When respondents were asked to rank those 17 goals in importance, clean water and sanitation came in at number one, for the second year in a row, edging out clean energy and climate action. The finding would seem to signal that tomorrow’s leaders are telling today’s leaders that they’d better bump these two elemental human needs way up in their list of sustainability priorities.
Are businesses prepared to do so? The picture is encouraging, if mixed. Roughly two-thirds of respondents to PwC’s 2024 Global CSRD Survey, which polled business leaders on how they’re implementing the EU’s Corporate Sustainability Reporting Directive, expressed confidence in their company’s ability to meet the reporting requirements on water and marine resources. A comparable share expressed confidence on the related topics of pollution, biodiversity and ecosystems. Those findings suggest that many corporate leaders have a relatively accurate view of how their company’s activities affect natural systems like aquifers and waterways, which can be crucial to clean water supplies and sanitation services. By contrast, only 45% percent of executives in PwC’s 27th Annual Global CEO Survey said their company has begun or completed investments in nature-based climate solutions, such as wetlands rehabilitation and restorative agriculture, practices that can also have benefits for water supplies. This points to a gap between business action and the most urgent needs of a significant share of the world’s population.

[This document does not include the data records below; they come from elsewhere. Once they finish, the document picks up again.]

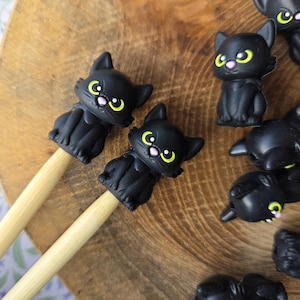 Peut inclure: Des capuchons de crayon en forme de chat noir avec des yeux jaunes et des nez roses. Les capuchons sont fixés à des crayons en bois de couleur claire. D'autres capuchons de chat noir sont éparpillés sur une surface en bois. Accessoire amusant.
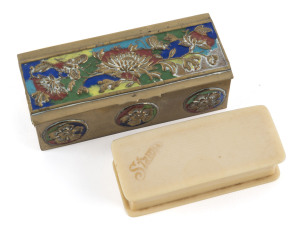 Stamp Boxes: 20th century brass Chinese made stamp box (100x46x31mm) with three sloped compartments, coloured enamel floral design, weight 149gr; also plain bakelite stamp box (81x33x20mm) also with three sloped compartments marked 'Stamps" on the lid in 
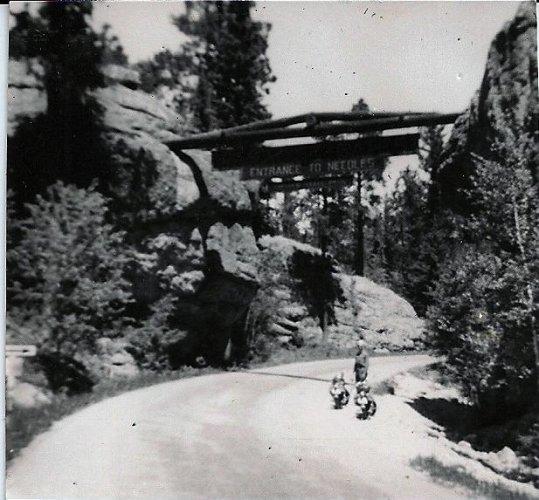 Dad at entrance to Needles 1953.JPG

Closing that gap starts with collecting real-time data on activities, such as land use and the release of pollutants, that can affect sanitation systems and water supplies up and down the company’s value chain. Doing that can require a major investment in data infrastructure, including centralised data storage systems. Sustainability teams can get an assist from resources such as the ENCORE database, designed to help investors and regulators assess companies’ environmental impacts, and Aqueduct, an open-source tool that maps water risks. Regulations and standards can serve as useful guides, too. Many of the provisions in the CSRD, as well as those in the Task Force on Nature Related Financial Disclosures, contain prescriptions on nature-focused sustainability action.
Understanding your company’s water and sanitation impacts, and making moves to limit those impacts, will help give the next generation the momentum to spur meaningful change of their own.